Of course, if you relied on the Canadian-funded newspapers, you wouldn’t have read a single word about the game for 63 hours.
Let that sink in.
In 2012, the age of the internet, the age of 24-7 news, it took 63 hours for a story and photo to appear on the web site of the biggest paper in town, the Whidbey News-Times. A paper that sits RIGHT ACROSS THE STREET from Coupeville’s football field.
From 7:30 PM on a Friday until 11:08 AM Monday morning, you could have refreshed like crazy and found nothing. Nada. Zilch. Not on the News-Times site, not on the Whidbey Examiner site, not on the South Whidbey Record site.
And, since the News-Times Saturday edition had gone to press long before the Friday night lights turned on, forget about seeing anything in print until this coming Wednesday.
Oh, Canada.
Since we’re piling on, let’s also consider CHS played both a boys’ tennis match and a girls’ soccer game Saturday. The wait on those stories — a modest 40 hours or so.
It’s enough to make a Coupeville sports fan rip out their hair. Or, turn to the one-man operation that’s beating them like a … well, I’d say rented mule, but a mule would have got there faster than the News-Times did.
During those 63 hours, from 7:30 PM Friday to 11:08 AM Monday, I put out nine stories.
Having covered the football game in person, I had a (much more exciting) story on-line an hour after the game. Then, the next day, we hit with a photo essay by Shelli Trumbull, 12 pictures that covered football action, cheerleaders, fans, Willie Smith cooking hamburgers and cute kids eating hot dogs. Oh yes, and we topped it off with a third article that featured an exclusive interview with Josh Bayne, the hero of the big win.

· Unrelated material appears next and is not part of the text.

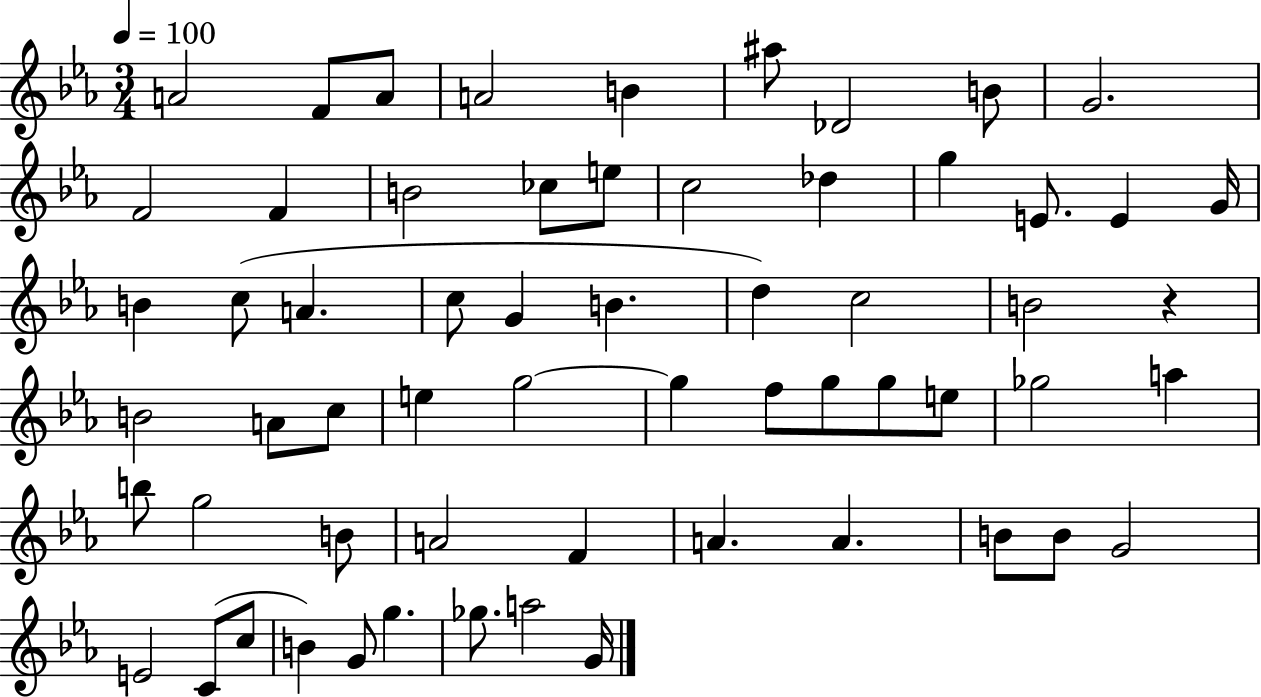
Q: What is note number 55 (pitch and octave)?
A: B4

Toss in features on football stud/jazz drummer Danny Savalza, volleyball/tennis ace Allie Hanigan, in-person coverage of the soccer game, a report on the tennis match that included ALL of the CHS kids who played, an update on former Wolf turned college cross country star Tyler King and a piece on former Wolves Jon and Jodi Crimmins upcoming wedding anniversary and there was plenty of new material to read during those 63 hours.
You just had to forget about Canada to find it.